"I Ain’t No Senator’s Son"

Cathy Sterling

Cathy Sterling in the NCSU Brickyard

"A Little Help From Mom"

Text from article "A Little Help From Mom": "It might have been a complicated matter for North Carolina State University students to figure out whether they were voting for Cathy Sterling, right, or her mother, Mrs. Ann Sterling, left, when they cast their ballots for student body president Tuesday. Mrs. Sterling is shown helping her daughter campaign. Cathy won to become the first woman president ever elected at the predominantly male school at Raleigh."

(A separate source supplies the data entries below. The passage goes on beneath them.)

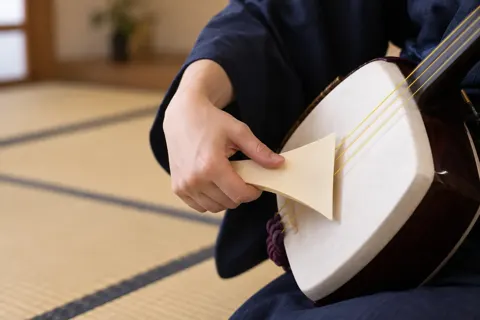 和楽器（三味線・箏・和太鼓）の写真 No.5
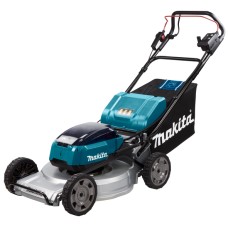 Самохідна акумуляторна газонокосарка Makita DLM533Z, без акб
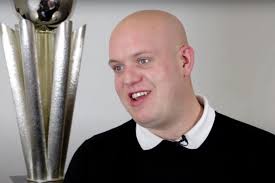 Van gerwen won het wk in londen tot dusverre twee keer. Michael Van Gerwen Over Wk Darts Verwacht Van Mezelf Dat Ik Win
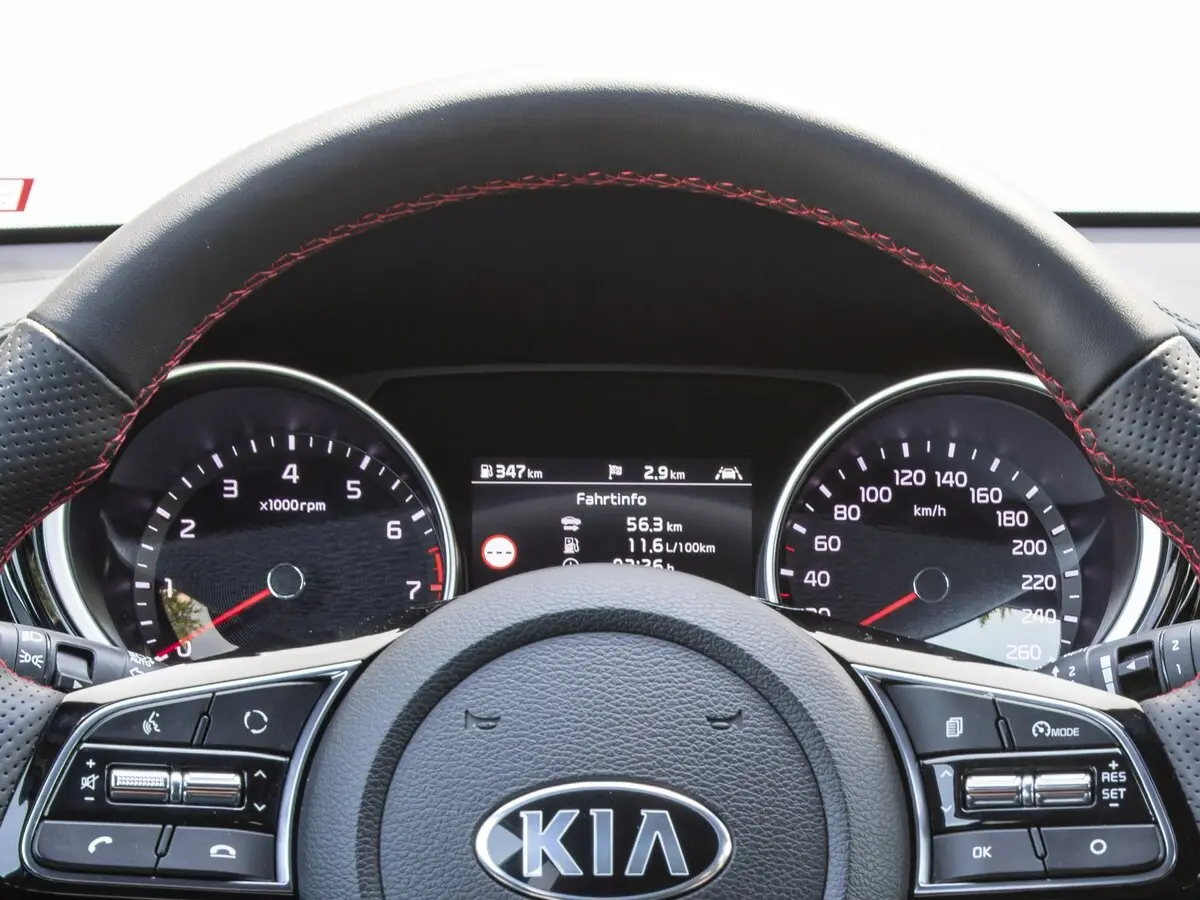 Kia Ceed GT II Хэтчбек 5 дв. — сүрөт 8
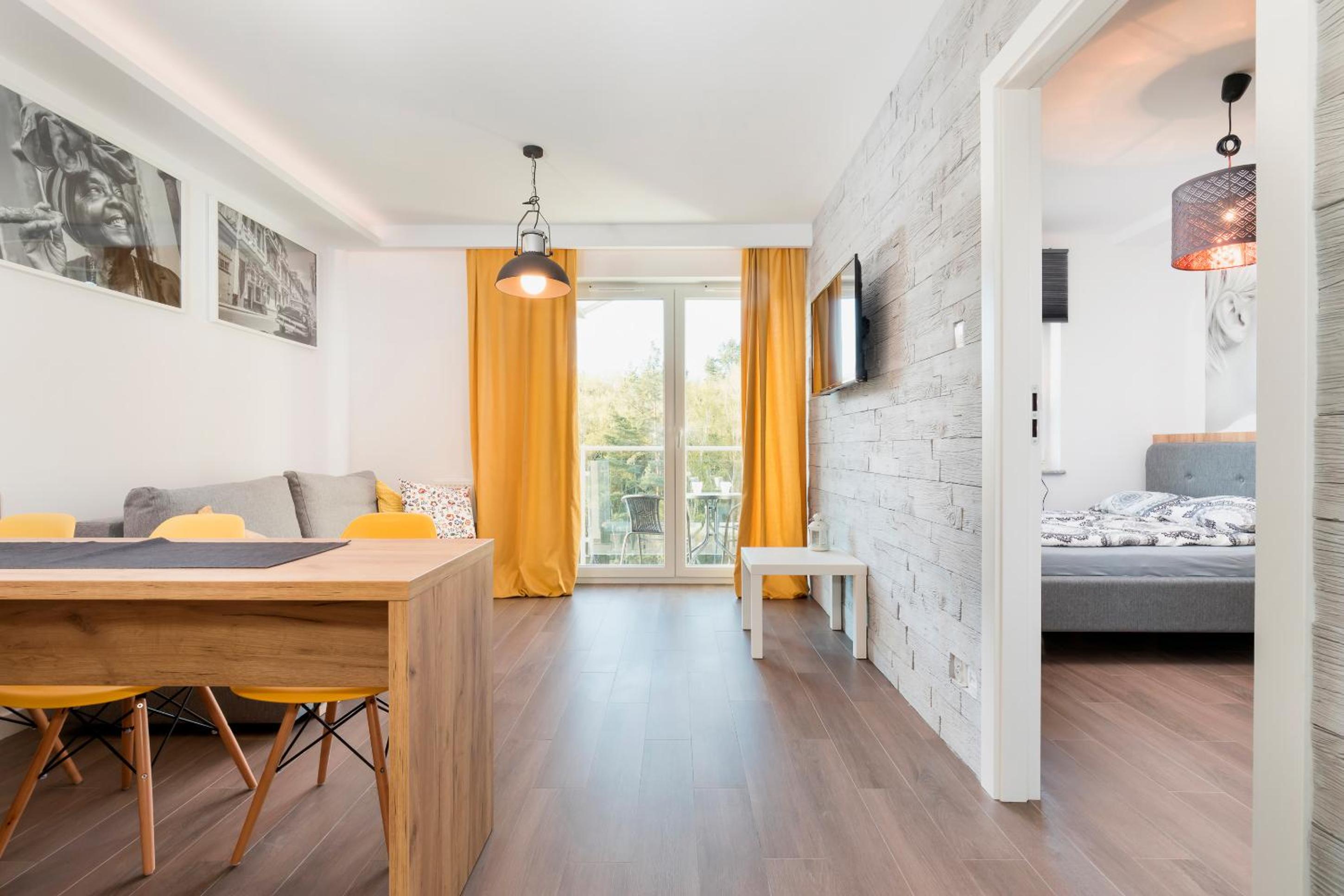 "Apartament 24 Chwile " view 2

Ann Sterling raised Cathy and her three sisters as a single parent. Sterling remembers her mother as a strong matriarch and mentor in her life and attributes many of her leadership qualities to her. Her mother was active in their church and was an integral part of Sterling’s campaign.[1] A story about Ann and Cathy, titled "A Little Help From Mom" circulated the United States and even Europe and Asia, showcasing Ann and Cathy.[2] In our interview, Sterling remembered that the article got all the way to The Stars and Stripes, and as a result, she received letters from Europe to Japan, especially from soldiers, who read about her and her mother in the massively reprinted article.
 
Both Sterling and her mother were often chastised for their clothing choices—short dresses and skirts. Many of Sterling's critics talked about her "inappropriate" dress and their disappointment in her as a "southern girl."[3] To them, Sterling did not think, dress, or act like a “southern girl,” and they were offended because they knew she was born and raised in the South. As Sterling highlighted in her interview with me, these views were problematic for several reasons, namely that she and her mother were both grown women, not girls. Moreover, the harsh and personal attacks had nothing to do with her platform or her initiatives in student government. These attitudes were reflective of the inherent sexism that informed many conservative, southern dissenters. Jesse Helms even sent Sterling several letters that condemned her for acting inappropriately for a "southern girl."[4]
 
Sterling differed much from the other candidates and past student body presidents in more ways than her gender. Her ideas were controversial. As a young adult in the 1970s, Sterling was a part of a generation that did not trust anyone over thirty. Her stance on the role of the administration on campus, especially the chancellor’s role was not one of a parent “in abstentia.” She did not agree with the administrations’ assumptions about what students needed and what students thought. She wrote tumultuous pieces like “I Am Not Proud"--page four of the Technician on March 06, 1970--an exposé on the athletics program at NC State, arguing that the program should not receive funding from students that did not wish to financially support the athletic program.[5] In a letter to the editor, Ivan Mothershead, a student senator who was very vocal in Student Government, attacks Sterling and her article. Ironically, his attack actually made Sterling more of a buzz on campus as Sterling and Mothershead exchanged heated letters to one another that were published in the Technician. Their argument came to a head in the April 1st “April Fools” edition of the Technician, where a journalist satirically reported that Sterling and Mothershead were engaged to be married.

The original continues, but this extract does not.